I have lived through two military coup d’etats here in Thailand. They were both very uniquely Thai style affairs. Normally we associate coups with violence, shooting, arrests, and political prisons, in other words very unpleasant events.
However Thailand has come up with what I call “velvet coups”. I remember the first one in 2006. The army rolled out tanks in the streets of Bangkok. But instead of creating an atmosphere of terror among the citizens, many Thais took it as a fun event.
They climbed up on the tanks, handed flowers to the soldiers and had their pictures taken while posing on the tanks with the soldiers. No shots were fired and nobody got hurt.
Now in 2014 there was another coup by the army. This one was even more “velvet”. No tanks were out this time, again no shots were fired and nobody got hurt.
Most of the Thais seemed to appreciate the coup since it had stopped the constant political unrest and violence which had gripped Bangkok for years.
People came out and handed the soldiers food and drinks. There was remarkable restraint by the army even in the face of small demonstrations which violated martial law.
Although there were detentions of people who were seen as possible activists, nobody ended up in a prison cell. All were treated well and had decent accommodation, and all were released within a week or even a few days after signing a statement that they would not engage in any activism.
The army leadership went way out of their way to not antagonize the people. For example the army put on free concerts in Bangkok and even provided free hair cuts to the citizens.
They also immediately started to pay tens of thousands of rice farmers who had been left unpaid for 8 months in a subsidy scheme by the previous government which had turned into a disaster.
I am not trying to pass any judgment about the coup’s political justification, if it was right or wrong, necessary or not.
All I can say is that the Thai army managed to pull off this coup in a very restrained way. I mean if there has to be a coup, then the Thai style “velvet” coup is the way to do it.

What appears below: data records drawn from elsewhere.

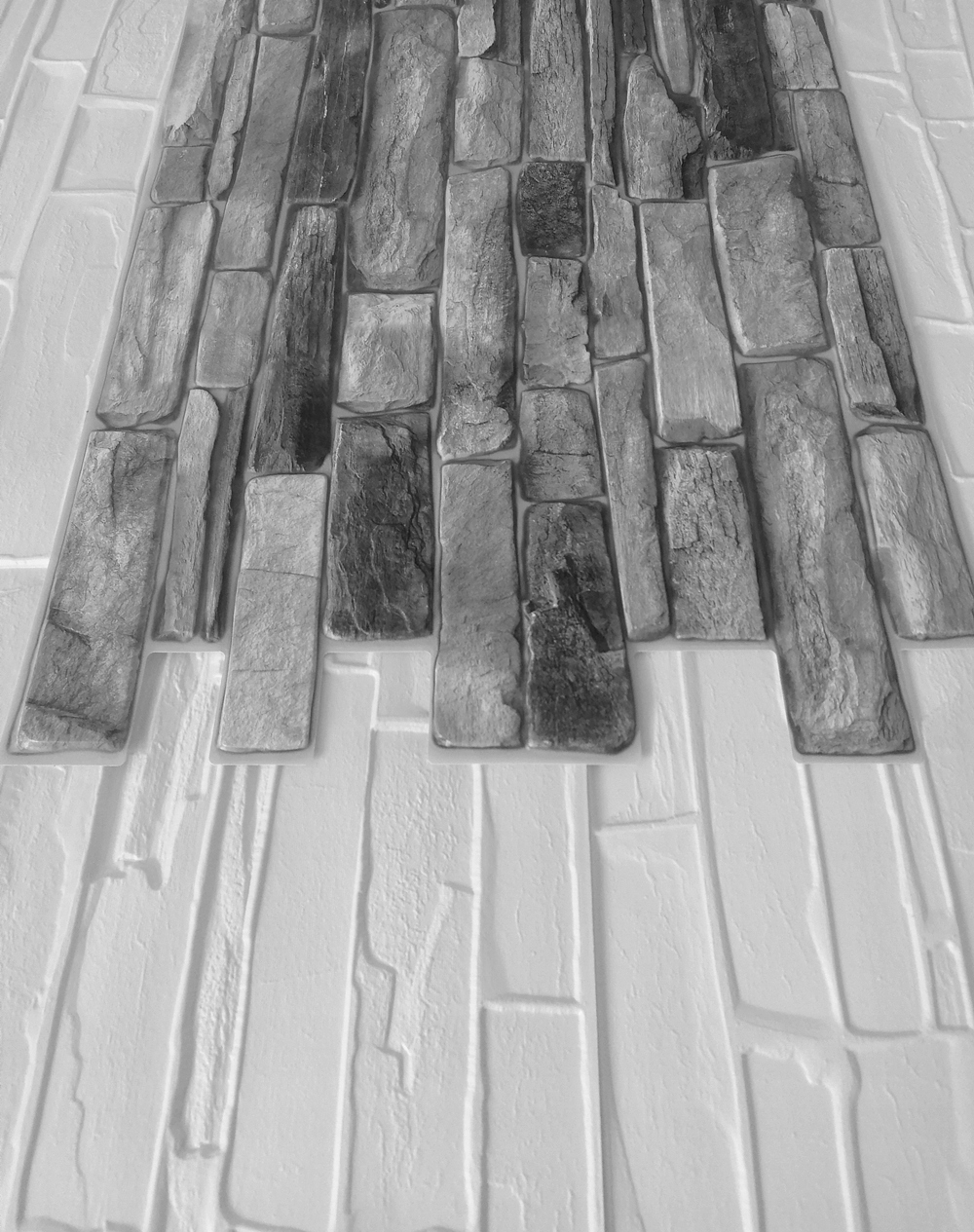 Ścienne Panele ŁUPEK KAMIEŃ 3D PCV STONE GREY Długość 98 cm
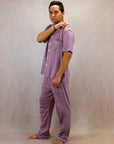Men's Short Sleeve Pima Cotton Pyjama Set – Pale Purple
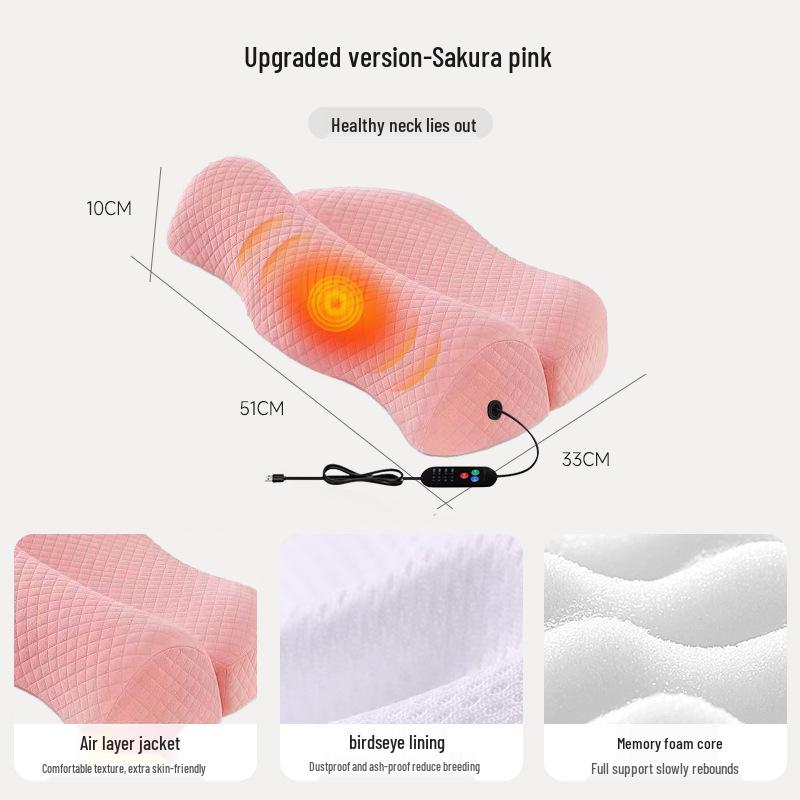 Cross-Border Cervical Pillow: Heated Neck Support, Memory Foam for Comfortable Sleep, Removable & Washable for Side Sleepers
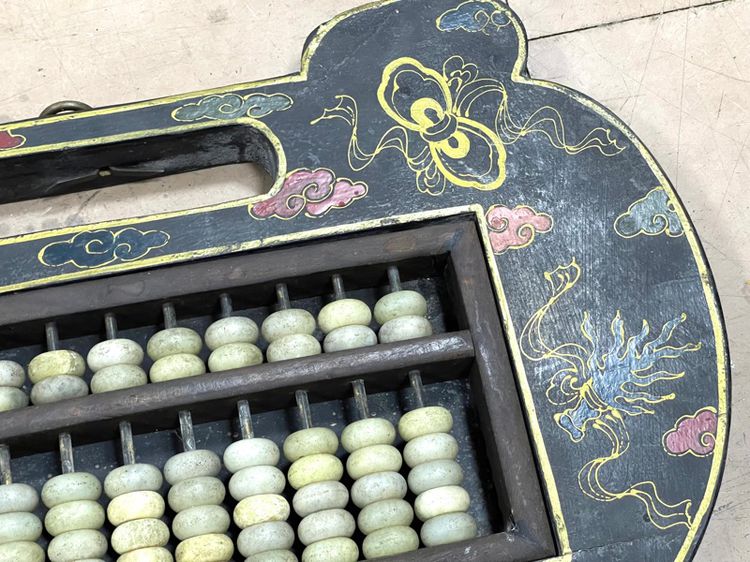 ลูกคิดจีน เขียนลายน้ำทอง อาวุธเทพแปดเซียน เก่าสะสมA4 รูปที่ 7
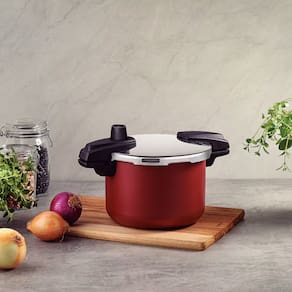 Panela de Pressão Tramontina Arizona em Alumínio, Revestimento Starflon Max 4,5L – Vermelha + Faqueiro 12 Peças Leme, Lâminas em Aço Inox – Cinza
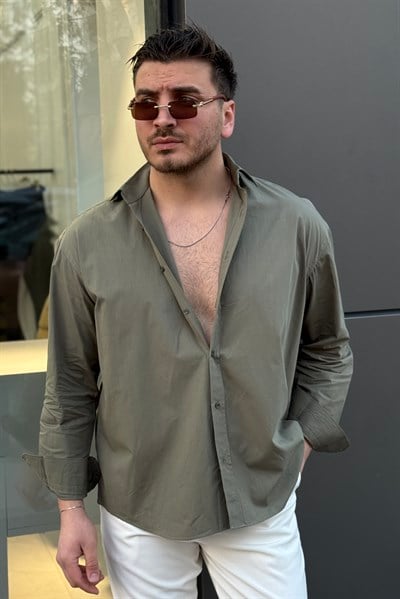 Basic Oversize Gömlek Yeşil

From my personal experience, I feel safer now than before. For months and even years there was an increasing polarization in Thai society with often violent protests.
Clearly the democracy was not working very well. All in the name of democracy dozens of people were killed and many hundreds were injured in the political wrangling in Bangkok just in the last 6 months.
If that’s what it means to have democracy in Thailand, then I can do without it, at least for the time being until they get a little better understanding of this democracy thing.
Unfortunately the international media portrayed the coup as a sinister and dangerous affair, and many countries issued travel warnings for Thailand. The funny thing is that most tourists in Thailand never even noticed that there had been a coup, except for a temporary curfew at night.
I have no political affiliation here in Thailand and I don’t pretend to understand what’s going on behind the scenes. However as far as coup d’etats go, the Thai style “velvet” coups are as good as it gets.
So far the Thais that I have been talking to seem to appreciate the coup and they seem to think that Thailand is better off with it than with the derailed previous democratic system.
Of course not everyone will agree with me, including some Thais. There are heated opinions on both sides. I am not at all interested in engaging in political discussions.
All I am trying to do is paint a different picture of the state of affairs here in Thailand as someone who actually lives here than what is written in the western media.
Thailand is not chafing under the yoke of an oppressive military junta, people are not deprived of all their freedoms, and life pretty much goes on as usual, minus all the conflicts and violence that happened before the coup.
The majority of Thais seem to appreciate the coup as a necessary step to get the country back on track to a democratic system that actually works. Let’s hope that this is the way how it will work out.